Data:

• • •

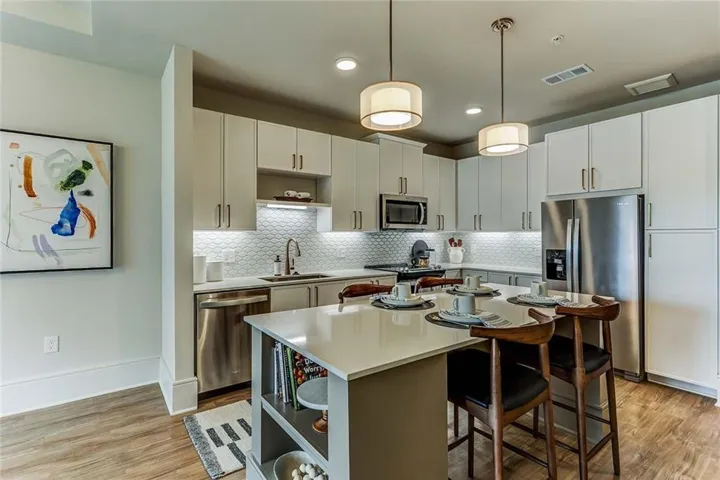 Kitchen with a kitchen island, a sink, stainless steel appliances, and open shelves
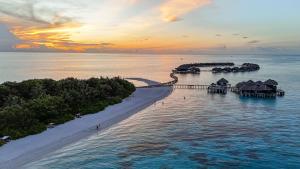 een luchtzicht op een resort in de oceaan bij zonsondergang bij Coco Bodu Hithi in North Male Atoll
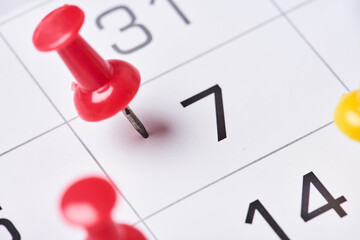 Colored push pins on monthly calendar page. Calendar appointments. Multicolored push pins on...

• • •

Exercise:
Would you write out the material above in full, exactly as given, except for its pictures?

Answer to this exercise:
 Kitchen with a kitchen island, a sink, stainless steel appliances, and open shelves
 een luchtzicht op een resort in de oceaan bij zonsondergang bij Coco Bodu Hithi in North Male Atoll
 Colored push pins on monthly calendar page. Calendar appointments. Multicolored push pins on...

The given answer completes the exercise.